Autora: Ana Mano
SÃO PAULO (Reuters) – O volume de abate de bovinos no Brasil no quarto trimestre mostra que o processamento de carne bovina aumentou 13,1% em comparação com o mesmo período de 2024, de acordo com dados preliminares do censo do Brasil divulgados nesta quinta-feira.
Se o número for confirmado, o abate total do Brasil em 2025 será de 42,3 milhões de cabeças, um recorde, já que a forte demanda na China impulsionou o processamento e ultrapassou os Estados Unidos como o maior produtor mundial de carne bovina.
Os dados comerciais do governo brasileiro mostram que a procura na China permaneceu forte em Janeiro, e no mês passado os embarques de carne bovina para o país asiático totalizaram 650 milhões de dólares, um aumento de quase 45% em relação ao ano anterior.
No geral, o Brasil vendeu aproximadamente 232.000 toneladas métricas de carne bovina in natura para vários destinos em 2025, gerando quase US$ 1,3 bilhão em receitas. A participação da China no comércio de carne bovina do Brasil foi aproximadamente metade em valor e volume.

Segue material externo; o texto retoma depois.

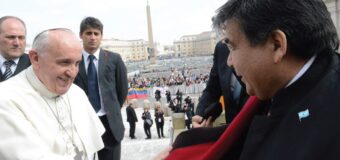 La Dirección General de Cultos de José C. Paz emitió un comunicado donde lamentó la muerte del Papa Francisco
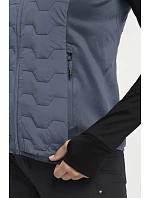 Tenson TXlite Hybrid Vest Women Dámska hybridná vesta 84.8045 čierna Tenson TXlite Hybrid Vest Women Dámska hybridná vesta 84.8045 čierna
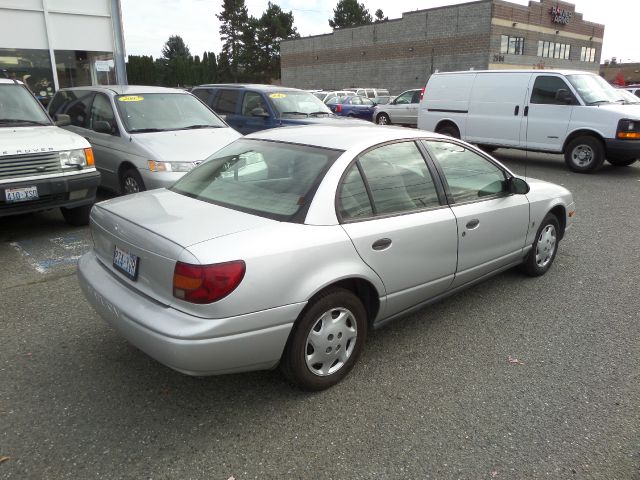 2002 Saturn S Series Base S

No entanto, as empresas brasileiras poderão não vender tanto ao seu principal parceiro comercial no futuro, uma vez que Pequim introduziu quotas máximas anuais de importação para fornecedores por um período de três anos. Qualquer coisa acima de um determinado limite será cobrado 55%.
As “medidas de proteção” chinesas assustaram os processadores locais. Mas com a firmeza de Pequim, o governo brasileiro está agora a discutir com a indústria um plano para atribuir quotas específicas às empresas na mesma proporção das suas exportações para a China no ano passado, para regular o fornecimento.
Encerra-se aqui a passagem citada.